Rapporto tra fonte legale e contratto collettivo
Il rapporto tra fonte eteronoma (legge) e contratto collettivo si è evoluto nel tempo:
a. Modello classico ;
b. Modello “dei tetti massimi legislativi” (anni ’70: ha ribaltato il modello classico);
c. Modello della de-regolazione (o modello deregolativo);
Modello classico
Il “modello classico”, però, non è stato superato dagli altri due, ma è solo stato affiancato; oggi, la
norma è inderogabile in peius, ma derogabile in melius. Ad esempio, l’art 20, sul diritto di
assemblea (diritto individuale), garantendo 10 ore di assemblea annue retribuite: il contratto
collettivo nei confronti di questa norma, potrà prevedere più ore (derogabilità in melius ), ma non
potrà mai prevedere 9 ore, perché sarebbe una modifica in peius → soglia di garanzia: a volte si
atteggia come minimo (le 10 ore), altre volte si configura come soglia massima, ad esempio
rispetto alle ore lavorative: a settimana, possono essere previste un massimo di 40 ore lavorative:
il contratto collettivo, quindi, potrà prevedere meno ore, ma mai ore in più. Nel modello classico, la
norma legislativa si atteggia a minimo (anche se è un massimo), e quella soglia potrà sempre
essere derogata in melius, ma mai in peius: le clausole che modificano a disciplina in modo
peggiorativo sono nulle.
Modello dei “tetti massimi”
Nel 1970 è stato emanato lo Statuto dei Lavoratori.

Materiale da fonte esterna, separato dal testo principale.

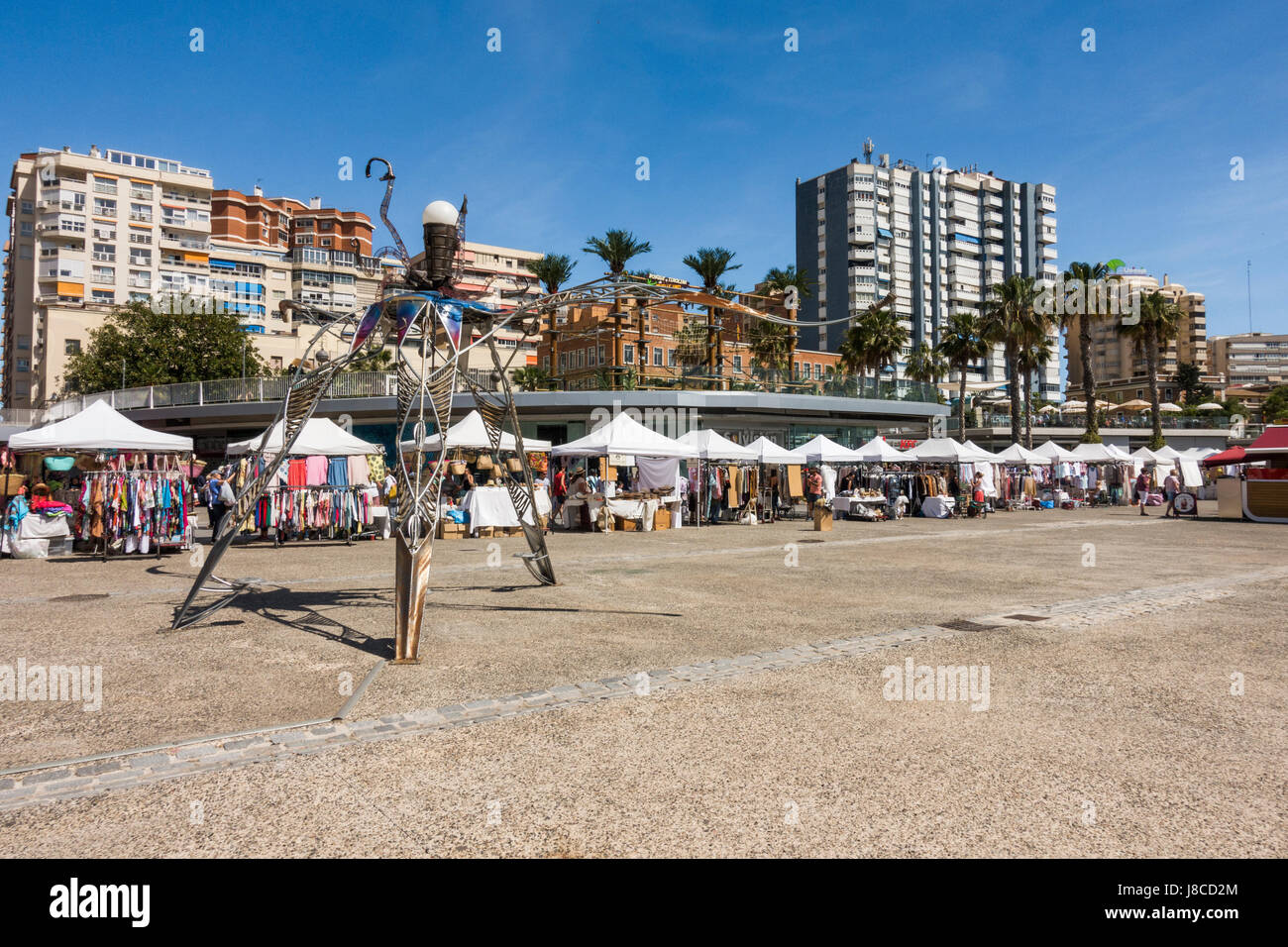 Modern Marina and waterfront promenade in Malaga, with kiosks and sale
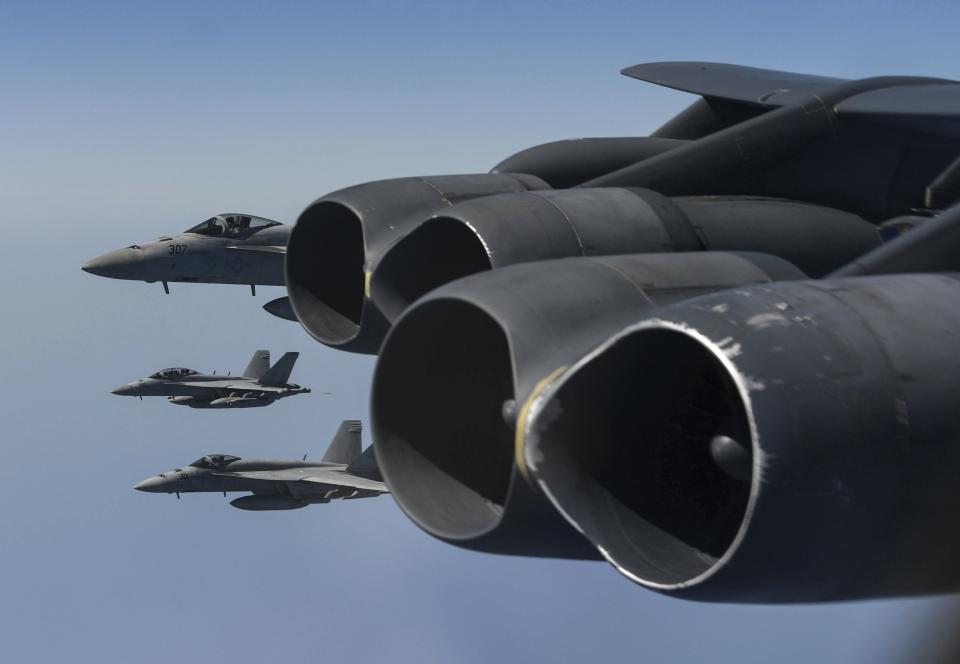 In this Saturday, June 1, 2019 photo, U.S. Navy F-18 Hornets form up off the wing of a U.S. Air Force B-52H Stratofortress assigned to the 20th Expeditionary Bomb Squadron, and part of the Bomber Task Force deployed to the region conduct joint exercises in the U.S. Central Command area of responsibility in Arabian sea. (Staff Sgt. Erin Piazza/U.S. Air Force via AP)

Dopo lo Statuto, quindi dopo il momento di
ascesa del diritto sindacale in termini di garanzie, verso la metà degli anni ‘70, lo stesso diritto ha
iniziato a scendere. Il primo sconvolgimento è avvenuto verso la metà degli anni ‘70, poi negli anni
’80; negli anni ’70 il diritto del lavoro si è configurato come diritto del lavoro dell’emergenza: anni
in cui l’inflazione si è abbattuta sul sistema economico, e, anche grazie al consenso del mondo
sindacale, il legislatore è intervenuto per cercare di calmierare le dinamiche retributive; sono questi
gli anni in cui si è instaurata la spirale salari-prezzi. Una volta esisteva la cd scala mobile, cioè
un meccanismo automatico che, secondo gli aumenti del costo della vita che venivano registrati,
consentiva e produceva incrementi automatici in busta paga alla voce “indennità di contingenza”: a
un certo punto era stato unificato il punto al quale scattava la scala mobile, punto stabilito a livello
sindacale, e, a seconda dei punti, scattava questo incremento, e l’incremento entrava direttamente
in busta paga nella voce dell’indennità di contingenza. L’indennità di contingenza integrava il
minimo → problema: il minimo aumentava quando venivano rinnovati i contratti collettivi, mentre
l’indennità di contingenza aumentava automaticamente → da un certo momento, l’indennità era di
molto superiore al minimo (che restava abbastanza fermo, mentre l’indennità si alzava sempre
perché operava in modo automatico). In quegli anni l’indennità era diventata voce principale.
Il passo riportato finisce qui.